SD 4 is an oddly-shaped creature that ranges from Port Arthur to just outside Galveston, before turning up toward The Woodlands north of Houston. The district has a strongly conservative bent, so it was unsurprising that only Republicans stood for the special election. Vying to replace Williams were four candidates, including state Rep. Brandon Creighton (R-Conroe), state Rep. Steve Toth (R-The Woodlands), and Gordy Bunch, a businessman and Coast Guard vet. The fourth, former state Sen. Michael Galloway, won less than 10 percent on election night.
Creighton won a little more than 45 percent, meaning that he’ll be heading to a runoff with second-place finisher Toth, who won a little under 24 percent. That’s not altogether surprising—Creighton buried his opponents by spending almost $547,000 in April, while Toth spent only $88,000 in the same period. And while he’s pretty far right himself, Creighton’s been willing to play the inside game as a state rep. He served as the chairman of the House GOP caucus, and he’s occasionally been described as an ally of House Speaker Joe Straus. He had access to funds, plenty of political allies and the support of House leadership.
But that’s exactly the kind of candidate that’s been in danger of losing primary races this year, mainly thanks to the influence of anti-Straus groups like Michael Quinn Sullivan’s Empower Texans. And that’s why it’s a little surprising that Creighton did so well—and doubly so that his main opponent, Toth, did so poorly. Less than two points separated Toth and Bunch, an enthusiastic and energetic candidate who had nonetheless never held state office. For part of the night, it even looked like Toth would place third and get knocked out altogether.
Toth, one of the hip-firing freshmen who rode into the House in 2012, seemed to relish his office primarily for his ability to say “no” at increasing decibel levels. He threw as many firecrackers as he could into the legislative mix, including a bill that would have nullified federal gun laws. He achieved very little. Which made him an ideal fit for Empower Texans, who credited “his record as a legislative fighter and the response of grassroots voters.”
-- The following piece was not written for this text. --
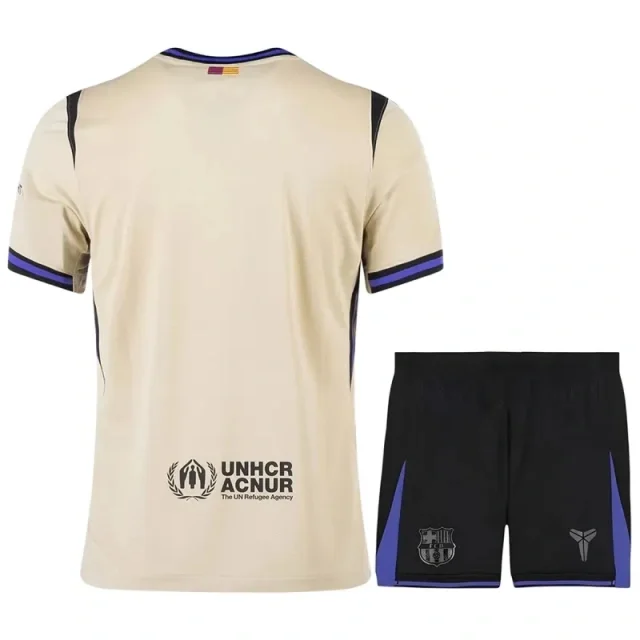 Barcelona Away Football jersey 2025-26 kit Fan Version Jersey+Shorts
But in the end, Toth nearly got denied a spot in the runoff by Bunch, a friendly Coast Guard vet. This primary season has seen the more “establishment” figure drubbed in most contested Senate races—from state Sen. Carona in Dallas, to the challengers facing state Sen. Donna Campbell in New Braunfels and tea party organizer Konni Burton in Fort Worth. This was a rare exception—even if Creighton’s not exactly a voice for reason himself. Toth could still win, of course—the recent events in the attorney general’s race show anything can happen in Texas’ long runoffs. Creighton, though, enters the summer a heavy favorite.